[[ RECORDS FOR THIS EXERCISE, beginning ]]

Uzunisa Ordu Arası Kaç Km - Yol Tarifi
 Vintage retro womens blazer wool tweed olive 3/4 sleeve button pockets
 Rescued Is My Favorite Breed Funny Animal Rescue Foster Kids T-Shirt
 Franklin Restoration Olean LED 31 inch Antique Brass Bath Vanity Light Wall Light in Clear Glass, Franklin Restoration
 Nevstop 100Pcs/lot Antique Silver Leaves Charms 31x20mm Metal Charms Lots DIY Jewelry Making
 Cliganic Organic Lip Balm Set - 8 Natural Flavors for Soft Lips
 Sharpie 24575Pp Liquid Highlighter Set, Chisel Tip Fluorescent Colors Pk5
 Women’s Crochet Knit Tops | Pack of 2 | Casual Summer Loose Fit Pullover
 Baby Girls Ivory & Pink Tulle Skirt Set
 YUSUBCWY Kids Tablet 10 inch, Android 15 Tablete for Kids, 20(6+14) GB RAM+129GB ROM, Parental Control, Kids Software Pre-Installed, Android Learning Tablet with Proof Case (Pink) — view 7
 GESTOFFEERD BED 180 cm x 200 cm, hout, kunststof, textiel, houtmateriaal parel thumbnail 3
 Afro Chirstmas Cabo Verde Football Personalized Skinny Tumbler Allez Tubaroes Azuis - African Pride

[[ RECORDS FOR THIS EXERCISE, end ]]

- **TASK DESCRIPTION**: Would you set down, word for word, the lines from the opening of the entries above through the line with "Nevstop 100Pcs/lot Antique", both included, and no others?

- **FINISHED EXERCISE**:
Uzunisa Ordu Arası Kaç Km - Yol Tarifi
 Vintage retro womens blazer wool tweed olive 3/4 sleeve button pockets
 Rescued Is My Favorite Breed Funny Animal Rescue Foster Kids T-Shirt
 Franklin Restoration Olean LED 31 inch Antique Brass Bath Vanity Light Wall Light in Clear Glass, Franklin Restoration
 Nevstop 100Pcs/lot Antique Silver Leaves Charms 31x20mm Metal Charms Lots DIY Jewelry Making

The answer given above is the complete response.